Bring back the deep dive in the future!

I think it’s going to happen. Where society’s going, we’re having to deal with these innovations in technology that have fragmented our attention so much. But I think at some point we’re all going to miss the deep stuff enough that we’ll figure out new ways to circumvent that and get back to some real deep thinking, deep work.

Before this call, I saw that you were involved in Fall Out Boy’s latest music video. You were standing on the street, a car pulls up, and you get into a fake attempted kidnapping situation. Can you tell me what it was like filming that?

It was super fun. Normally, I don’t like making videos. It’s rare that Weezer will make a video now. It’s just such a boring process standing around all day, and then lip syncing or whatever. But I love the Fall Out Boy guys. We have the same manager and just seemed like a cool thing to help them out with this. And in part paying them back, because Pete Wentz did a whole Weezer video for us once. So I went there and it was super fun, and I don’t know why. Just the whole thing was fun for me, and maybe because I don’t feel any pressure, because it’s not my thing, so I can just goof off and it’s fun hanging out and talking to those guys. I liked the character I was playing.

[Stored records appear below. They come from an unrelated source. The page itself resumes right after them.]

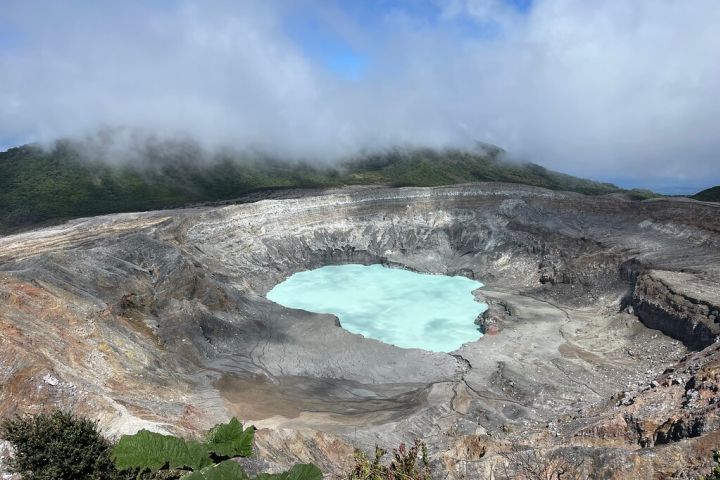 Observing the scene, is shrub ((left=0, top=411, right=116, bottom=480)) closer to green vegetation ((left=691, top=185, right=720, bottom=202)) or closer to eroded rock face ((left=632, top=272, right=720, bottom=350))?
eroded rock face ((left=632, top=272, right=720, bottom=350))

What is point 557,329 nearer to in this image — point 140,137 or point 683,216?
point 683,216

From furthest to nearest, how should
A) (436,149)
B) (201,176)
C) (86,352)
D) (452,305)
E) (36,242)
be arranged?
(436,149)
(201,176)
(452,305)
(36,242)
(86,352)

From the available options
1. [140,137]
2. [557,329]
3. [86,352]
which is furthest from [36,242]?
[140,137]

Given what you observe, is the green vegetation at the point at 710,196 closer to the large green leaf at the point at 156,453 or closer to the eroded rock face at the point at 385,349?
the eroded rock face at the point at 385,349

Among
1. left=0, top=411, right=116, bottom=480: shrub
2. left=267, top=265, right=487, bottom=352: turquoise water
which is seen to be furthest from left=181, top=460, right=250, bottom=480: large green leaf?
left=267, top=265, right=487, bottom=352: turquoise water

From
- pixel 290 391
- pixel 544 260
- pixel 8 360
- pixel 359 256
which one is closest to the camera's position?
pixel 8 360

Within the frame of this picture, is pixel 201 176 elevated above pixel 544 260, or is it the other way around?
pixel 201 176

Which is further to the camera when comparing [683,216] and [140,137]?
[140,137]
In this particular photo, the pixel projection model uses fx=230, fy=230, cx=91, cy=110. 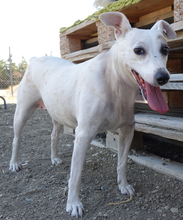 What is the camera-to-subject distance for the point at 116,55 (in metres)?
2.00

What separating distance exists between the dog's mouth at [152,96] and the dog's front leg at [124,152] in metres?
0.66

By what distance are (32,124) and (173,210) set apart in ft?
14.4

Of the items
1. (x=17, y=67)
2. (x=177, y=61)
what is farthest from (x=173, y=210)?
(x=17, y=67)

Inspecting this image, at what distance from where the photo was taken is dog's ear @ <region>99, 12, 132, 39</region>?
1.93m

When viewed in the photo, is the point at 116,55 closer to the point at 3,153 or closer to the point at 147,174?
the point at 147,174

Well, I’m glad you didn’t get actually kidnapped so that we can be here and have this conversation.

Yeah, and you know what, I like physical acting. If it’s just lip syncing or walking down the street or something, it’s a little dull. But this is serious wrestling and fighting off the Fall Out Boy guys, and fans scrambling to try to rescue me. It was very intense and physical, so it got my blood flowing.

SZNZ is out now via Crush Music/Atlantic. Get it here.

Weezer is a Warner Music artist. Uproxx is an independent subsidiary of Warner Music Group.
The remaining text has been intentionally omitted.